§ **Exercise description**
For each line in the data below that has the word "Blue", copy that line.

§ **Provided data**
____________________

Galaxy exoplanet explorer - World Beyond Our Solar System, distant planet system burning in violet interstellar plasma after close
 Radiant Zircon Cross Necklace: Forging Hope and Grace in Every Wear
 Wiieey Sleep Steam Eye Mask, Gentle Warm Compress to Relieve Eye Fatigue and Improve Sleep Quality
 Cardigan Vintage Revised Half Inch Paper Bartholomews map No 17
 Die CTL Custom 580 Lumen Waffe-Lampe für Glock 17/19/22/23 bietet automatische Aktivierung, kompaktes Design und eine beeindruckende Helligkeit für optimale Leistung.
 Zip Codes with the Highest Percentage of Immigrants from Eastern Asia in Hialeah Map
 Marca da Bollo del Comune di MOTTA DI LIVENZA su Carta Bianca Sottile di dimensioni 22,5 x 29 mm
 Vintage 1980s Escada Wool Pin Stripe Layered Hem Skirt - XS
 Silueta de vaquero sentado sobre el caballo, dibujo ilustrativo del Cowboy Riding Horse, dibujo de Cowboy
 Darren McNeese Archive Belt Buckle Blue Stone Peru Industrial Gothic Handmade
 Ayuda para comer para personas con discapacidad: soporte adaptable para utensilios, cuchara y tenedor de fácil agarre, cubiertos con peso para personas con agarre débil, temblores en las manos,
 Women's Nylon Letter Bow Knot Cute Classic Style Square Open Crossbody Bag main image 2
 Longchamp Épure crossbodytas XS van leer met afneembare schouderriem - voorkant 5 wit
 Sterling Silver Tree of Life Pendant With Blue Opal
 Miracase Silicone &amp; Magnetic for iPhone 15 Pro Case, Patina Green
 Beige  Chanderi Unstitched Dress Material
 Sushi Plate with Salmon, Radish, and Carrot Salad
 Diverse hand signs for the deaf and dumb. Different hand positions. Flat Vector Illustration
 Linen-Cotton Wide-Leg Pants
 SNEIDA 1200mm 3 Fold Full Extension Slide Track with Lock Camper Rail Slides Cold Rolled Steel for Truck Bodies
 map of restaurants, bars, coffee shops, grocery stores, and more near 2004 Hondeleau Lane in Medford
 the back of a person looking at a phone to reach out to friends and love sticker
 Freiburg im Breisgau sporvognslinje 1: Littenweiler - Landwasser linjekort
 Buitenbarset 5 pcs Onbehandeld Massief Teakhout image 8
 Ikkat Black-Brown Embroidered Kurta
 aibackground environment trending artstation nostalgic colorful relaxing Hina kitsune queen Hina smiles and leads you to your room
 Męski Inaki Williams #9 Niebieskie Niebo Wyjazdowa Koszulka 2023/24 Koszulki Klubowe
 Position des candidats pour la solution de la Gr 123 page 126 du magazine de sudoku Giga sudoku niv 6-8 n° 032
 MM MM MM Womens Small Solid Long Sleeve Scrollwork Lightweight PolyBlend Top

____________________

§ **Exercise result**
 Darren McNeese Archive Belt Buckle Blue Stone Peru Industrial Gothic Handmade
 Sterling Silver Tree of Life Pendant With Blue Opal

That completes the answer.